All methods for dereplication selected at least one genome representative for each individual Enterococcus species in GTDB. One of the key differences between the four methods was the number of representative genomes selected for the two most highly sequenced species in the genus, E. faecium and E. faecalis. Therefore, we further investigated the coverage of the E. faecalis pangenome by representative genomes selected using skDER in comparison to those selected by dRep and galah. Panaroo19 was used to group genes into ortholog groups for all genomes regarded as belonging to E. faecalis by GTDB. Importantly, Prokka20 was used for gene calling and predicted coding sequences on the edge of scaffolds were disregarded to avoid overinflating the pangenome with partial CDS features due to assembly fragmentation21. Of the total 1,902 E. faecalis genomes considered, dRep and galah had selected a similar number of representatives, 101 and 99, respectively. These representative genomes featured approximately 60.5% to 61.8% of the total number of distinct genes in the E. faecalis pangenome. The dynamic dereplication approach within skDER achieved a similar level of pangenome coverage, finding 10,263 (57.6%) of 17,829 distinct genes, but through selection of only 66 representative genomes. This concise selection approach thus makes it well-suited for metagenomic applications through avoiding over-selection of multiple reference genomes for the same strain. In contrast, the greedy approach in skDER with default parameters led to the greatest number of distinct representative genomes being selected, 205, however achieved the best recovery of the full known E. faecalis pangenome, featuring 81.6% of the total distinct genes. This showcases the greedy dereplication approach’s benefit for simplifying comparative genomics analyses through reducing the number of genomes needed to adequately sample the taxa-wide pangenome.

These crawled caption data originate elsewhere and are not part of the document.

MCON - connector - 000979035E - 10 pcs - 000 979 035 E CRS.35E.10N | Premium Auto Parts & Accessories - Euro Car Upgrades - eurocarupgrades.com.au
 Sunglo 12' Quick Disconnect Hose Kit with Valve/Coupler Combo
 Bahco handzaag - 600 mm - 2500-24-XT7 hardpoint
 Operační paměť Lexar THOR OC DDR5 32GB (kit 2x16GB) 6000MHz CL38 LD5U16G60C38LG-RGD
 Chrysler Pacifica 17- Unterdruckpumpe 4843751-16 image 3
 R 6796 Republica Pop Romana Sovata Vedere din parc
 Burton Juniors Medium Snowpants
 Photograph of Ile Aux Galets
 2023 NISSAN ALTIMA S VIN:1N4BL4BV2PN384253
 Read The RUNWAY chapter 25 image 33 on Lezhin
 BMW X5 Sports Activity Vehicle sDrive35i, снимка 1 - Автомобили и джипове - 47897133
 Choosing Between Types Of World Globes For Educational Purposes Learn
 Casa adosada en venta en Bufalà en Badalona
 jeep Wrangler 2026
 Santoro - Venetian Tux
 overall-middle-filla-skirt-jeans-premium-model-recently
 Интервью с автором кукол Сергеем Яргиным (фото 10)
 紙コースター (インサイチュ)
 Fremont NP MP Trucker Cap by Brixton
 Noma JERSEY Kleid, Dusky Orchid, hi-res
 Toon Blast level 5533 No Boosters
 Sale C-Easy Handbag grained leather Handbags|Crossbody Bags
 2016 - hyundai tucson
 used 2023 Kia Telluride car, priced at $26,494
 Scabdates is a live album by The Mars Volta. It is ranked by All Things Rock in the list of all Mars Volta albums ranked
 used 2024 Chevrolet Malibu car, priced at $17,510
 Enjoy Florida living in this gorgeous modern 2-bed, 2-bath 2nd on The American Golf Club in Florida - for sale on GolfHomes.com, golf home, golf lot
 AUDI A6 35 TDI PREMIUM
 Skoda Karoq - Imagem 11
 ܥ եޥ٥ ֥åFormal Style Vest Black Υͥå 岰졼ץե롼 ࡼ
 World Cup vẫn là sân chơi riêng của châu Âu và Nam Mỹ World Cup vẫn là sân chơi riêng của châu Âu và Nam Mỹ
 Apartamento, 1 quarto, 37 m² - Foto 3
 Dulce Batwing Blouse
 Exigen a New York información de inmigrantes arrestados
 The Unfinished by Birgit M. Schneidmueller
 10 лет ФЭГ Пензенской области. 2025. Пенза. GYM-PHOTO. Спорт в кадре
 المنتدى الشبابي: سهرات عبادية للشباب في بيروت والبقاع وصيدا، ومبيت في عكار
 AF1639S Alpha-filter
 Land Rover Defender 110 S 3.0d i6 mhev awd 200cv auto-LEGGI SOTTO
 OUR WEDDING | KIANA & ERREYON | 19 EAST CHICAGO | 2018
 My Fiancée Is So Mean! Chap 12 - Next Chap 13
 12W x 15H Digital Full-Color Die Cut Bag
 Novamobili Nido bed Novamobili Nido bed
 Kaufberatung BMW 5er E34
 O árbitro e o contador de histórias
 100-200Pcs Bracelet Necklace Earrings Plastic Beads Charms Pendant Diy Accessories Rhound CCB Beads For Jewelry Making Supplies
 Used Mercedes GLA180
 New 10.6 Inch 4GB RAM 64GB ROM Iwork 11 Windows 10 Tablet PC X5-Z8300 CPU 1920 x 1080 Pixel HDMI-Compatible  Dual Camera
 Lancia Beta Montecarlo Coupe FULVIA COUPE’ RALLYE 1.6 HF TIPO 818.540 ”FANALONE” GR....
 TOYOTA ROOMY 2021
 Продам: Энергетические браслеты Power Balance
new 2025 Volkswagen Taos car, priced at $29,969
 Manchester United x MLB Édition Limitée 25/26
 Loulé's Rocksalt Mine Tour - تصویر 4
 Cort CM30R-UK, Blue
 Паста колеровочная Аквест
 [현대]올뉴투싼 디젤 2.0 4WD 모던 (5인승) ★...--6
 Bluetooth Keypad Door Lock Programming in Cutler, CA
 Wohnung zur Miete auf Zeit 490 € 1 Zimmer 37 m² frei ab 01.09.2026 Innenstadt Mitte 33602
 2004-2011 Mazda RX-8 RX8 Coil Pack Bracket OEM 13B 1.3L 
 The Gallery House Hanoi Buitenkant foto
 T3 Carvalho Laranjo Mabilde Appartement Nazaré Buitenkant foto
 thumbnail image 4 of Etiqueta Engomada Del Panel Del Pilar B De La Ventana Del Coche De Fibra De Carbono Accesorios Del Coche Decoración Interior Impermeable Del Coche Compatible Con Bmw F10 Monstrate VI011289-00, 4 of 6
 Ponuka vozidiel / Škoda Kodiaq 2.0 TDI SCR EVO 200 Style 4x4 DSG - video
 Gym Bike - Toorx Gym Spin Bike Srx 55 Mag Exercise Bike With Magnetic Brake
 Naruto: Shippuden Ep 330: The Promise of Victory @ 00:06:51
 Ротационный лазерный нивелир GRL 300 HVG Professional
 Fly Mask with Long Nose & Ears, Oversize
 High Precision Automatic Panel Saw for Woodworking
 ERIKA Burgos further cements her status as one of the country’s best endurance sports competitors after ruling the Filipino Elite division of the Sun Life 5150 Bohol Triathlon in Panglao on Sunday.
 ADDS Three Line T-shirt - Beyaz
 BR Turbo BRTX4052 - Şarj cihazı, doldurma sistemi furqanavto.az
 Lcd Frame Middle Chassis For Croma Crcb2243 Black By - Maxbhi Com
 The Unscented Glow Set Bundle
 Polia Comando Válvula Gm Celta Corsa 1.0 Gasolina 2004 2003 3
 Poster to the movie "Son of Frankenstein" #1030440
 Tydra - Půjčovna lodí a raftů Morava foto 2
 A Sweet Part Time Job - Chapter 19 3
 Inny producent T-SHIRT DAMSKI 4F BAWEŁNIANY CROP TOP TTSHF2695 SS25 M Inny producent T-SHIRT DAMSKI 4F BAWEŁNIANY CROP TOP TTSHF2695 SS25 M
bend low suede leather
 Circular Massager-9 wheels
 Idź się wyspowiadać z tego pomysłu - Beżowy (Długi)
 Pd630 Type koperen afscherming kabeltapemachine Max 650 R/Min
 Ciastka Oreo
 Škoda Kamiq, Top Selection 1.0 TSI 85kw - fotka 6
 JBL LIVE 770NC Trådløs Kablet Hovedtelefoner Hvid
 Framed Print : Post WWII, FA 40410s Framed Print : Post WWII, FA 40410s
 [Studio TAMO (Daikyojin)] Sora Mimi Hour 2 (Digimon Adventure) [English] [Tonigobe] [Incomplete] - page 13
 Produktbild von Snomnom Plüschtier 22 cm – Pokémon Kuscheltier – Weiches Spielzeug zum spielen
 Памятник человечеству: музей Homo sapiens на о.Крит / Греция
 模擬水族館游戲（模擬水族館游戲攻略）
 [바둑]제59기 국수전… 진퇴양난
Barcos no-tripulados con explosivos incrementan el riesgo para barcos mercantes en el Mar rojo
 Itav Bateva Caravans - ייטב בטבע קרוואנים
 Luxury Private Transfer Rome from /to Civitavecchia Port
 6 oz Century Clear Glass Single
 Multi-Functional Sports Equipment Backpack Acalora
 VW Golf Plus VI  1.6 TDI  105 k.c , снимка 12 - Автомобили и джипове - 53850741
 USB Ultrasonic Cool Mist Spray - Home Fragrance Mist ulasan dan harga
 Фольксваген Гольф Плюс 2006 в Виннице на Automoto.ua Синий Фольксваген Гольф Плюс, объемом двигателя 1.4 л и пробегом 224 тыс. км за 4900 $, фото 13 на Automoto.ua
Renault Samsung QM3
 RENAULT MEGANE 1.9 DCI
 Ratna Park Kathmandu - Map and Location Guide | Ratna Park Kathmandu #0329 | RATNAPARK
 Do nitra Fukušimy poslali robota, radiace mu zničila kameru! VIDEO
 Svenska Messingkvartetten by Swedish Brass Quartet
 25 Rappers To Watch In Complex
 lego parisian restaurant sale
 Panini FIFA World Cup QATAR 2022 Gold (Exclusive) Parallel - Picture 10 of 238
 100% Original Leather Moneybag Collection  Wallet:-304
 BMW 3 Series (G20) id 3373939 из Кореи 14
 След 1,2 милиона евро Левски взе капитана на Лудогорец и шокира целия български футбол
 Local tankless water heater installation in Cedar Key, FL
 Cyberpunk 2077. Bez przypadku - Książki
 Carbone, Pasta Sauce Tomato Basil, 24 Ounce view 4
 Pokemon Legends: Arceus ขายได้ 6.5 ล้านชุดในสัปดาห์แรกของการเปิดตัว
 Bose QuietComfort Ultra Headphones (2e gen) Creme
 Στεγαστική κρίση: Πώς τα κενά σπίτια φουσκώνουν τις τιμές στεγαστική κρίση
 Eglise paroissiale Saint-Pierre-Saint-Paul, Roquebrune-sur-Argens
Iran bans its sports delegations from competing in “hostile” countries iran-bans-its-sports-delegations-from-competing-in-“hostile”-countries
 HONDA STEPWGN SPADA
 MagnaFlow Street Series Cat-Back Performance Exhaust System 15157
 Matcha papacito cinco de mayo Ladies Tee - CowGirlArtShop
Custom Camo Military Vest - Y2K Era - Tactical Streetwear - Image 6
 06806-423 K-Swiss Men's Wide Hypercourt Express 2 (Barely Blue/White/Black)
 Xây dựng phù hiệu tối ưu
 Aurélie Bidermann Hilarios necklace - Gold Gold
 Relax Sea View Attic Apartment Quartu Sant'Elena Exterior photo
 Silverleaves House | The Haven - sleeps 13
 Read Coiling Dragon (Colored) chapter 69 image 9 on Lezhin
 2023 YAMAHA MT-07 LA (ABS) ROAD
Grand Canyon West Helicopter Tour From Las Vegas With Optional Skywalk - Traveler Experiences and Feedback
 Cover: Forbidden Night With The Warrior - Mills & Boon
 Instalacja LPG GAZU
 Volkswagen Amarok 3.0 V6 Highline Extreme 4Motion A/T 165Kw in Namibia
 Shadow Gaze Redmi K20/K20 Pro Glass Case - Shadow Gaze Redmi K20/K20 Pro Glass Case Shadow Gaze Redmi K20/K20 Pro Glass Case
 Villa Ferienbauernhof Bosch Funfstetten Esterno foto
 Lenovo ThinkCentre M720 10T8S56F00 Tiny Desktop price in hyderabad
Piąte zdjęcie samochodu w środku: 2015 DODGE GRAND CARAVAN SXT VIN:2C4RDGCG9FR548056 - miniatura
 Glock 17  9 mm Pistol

Limitations and future directions
Notably, bacterial genomes often feature mobile genetic elements (MGEs), such as plasmids and temperate phages, that might be appropriate to disregard during dereplication for certain research objectives. Therefore, in the future, we plan to incorporate an option to use established tools for prediction of such MGEs22–25 and mask them prior to dereplication. In addition, contamination is currently not considered, which might be particularly problematic for metagenomic assembled genomes (MAGs). We do not plan to account for contamination directly, but do recommend users assess genome contamination using tools such as CheckM26 or charcoal27 and remove genomes or individual contigs deemed as contaminated from consideration prior to running skDER.
Acknowledgments
This work was supported by grants from the National Institutes of Health awarded to L.R.K (NIAID U19AI142720 and NIGMS R35GM137828). The content is solely the responsibility of the authors and does not necessarily represent the official views of the National Institutes of Health. We thank Dr. C. Titus Brown, Dr. N. Tessa Pierce-Ward, and Dr. Karthik Anantharaman for helpful discussions on the development of skDER.
References
- 1.Shaw J. & Yu Y. W. Fast and robust metagenomic sequence comparison through sparse chaining with skani. bioRxiv 2023.01.18.524587 (2023) doi: 10.1101/2023.01.18.524587. [DOI] [PMC free article] [PubMed] [Google Scholar]
- 2.Parks D. H. et al. A complete domain-to-species taxonomy for Bacteria and Archaea. Nat. Biotechnol. 38, 1079–1086 (2020). [DOI] [PubMed] [Google Scholar]
- 3.Parks D. H. et al. GTDB: an ongoing census of bacterial and archaeal diversity through a phylogenetically consistent, rank normalized and complete genome-based taxonomy. Nucleic Acids Res. (2021) doi: 10.1093/nar/gkab776. [DOI] [PMC free article] [PubMed] [Google Scholar]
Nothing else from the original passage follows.